Towards Bedmap Himalayas: helicopter survey of glacier thickness
Abstract ID: 3.9247 | Accepted as Talk | Talk/Oral | TBA | TBA
Hamish Daniel Pritchard (0)
Goldberg, Daniel (1), Recinos Rivas, Beatriz (1)
Hamish Daniel Pritchard ((0) British Antarctic Survey, Madingley Rd, CB3 0ET, Cambridge, Cambridgeshire, GB)
Goldberg, Daniel (1), Recinos Rivas, Beatriz (1)
(0) British Antarctic Survey, Madingley Rd, CB3 0ET, Cambridge, Cambridgeshire, GB
(1) University of Edinburgh, Department of Geography, EH8 9XP, Edinburgh
We report on uniquely extensive new glacier thickness profiles covering 200 km of Himalayan glaciers in the Solu Khumbu basin around Everest. Glacier thickness maps are needed to determine the size of the world’s remaining mountain ice reserve and to model glacier dynamic response to melting, and projections of future mass loss are highly sensitive to the initial thickness distribution.

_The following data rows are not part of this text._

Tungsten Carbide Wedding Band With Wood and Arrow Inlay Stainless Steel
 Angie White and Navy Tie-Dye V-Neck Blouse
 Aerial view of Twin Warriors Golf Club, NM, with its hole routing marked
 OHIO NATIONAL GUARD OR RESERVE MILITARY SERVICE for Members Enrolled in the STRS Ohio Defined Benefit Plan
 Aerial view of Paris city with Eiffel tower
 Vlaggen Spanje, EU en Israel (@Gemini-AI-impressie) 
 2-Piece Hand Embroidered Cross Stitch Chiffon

Modelling of the global ice distribution involves largely unknown parameters that must be tuned with ice thickness measurements, but these are rare and skewed to the European Alps. In the Himalayan headwaters of the Brahmaputra, Indus and Ganges basins, home to 800 million people and 41,000 glaciers, the thickness of only 6 glaciers is reported, for example, with profiles covering only ~10 km. This data scarcity reflects the difficulties of surveying remote, high and sometimes debris-covered glaciers, which we overcame by using a purpose-built low-frequency helicopter radar. We describe this new survey, the challenges involved in extracting ice thickness from radar data, and the opportunities for systematic calibration of glacier thickness models throughout the Himalayas.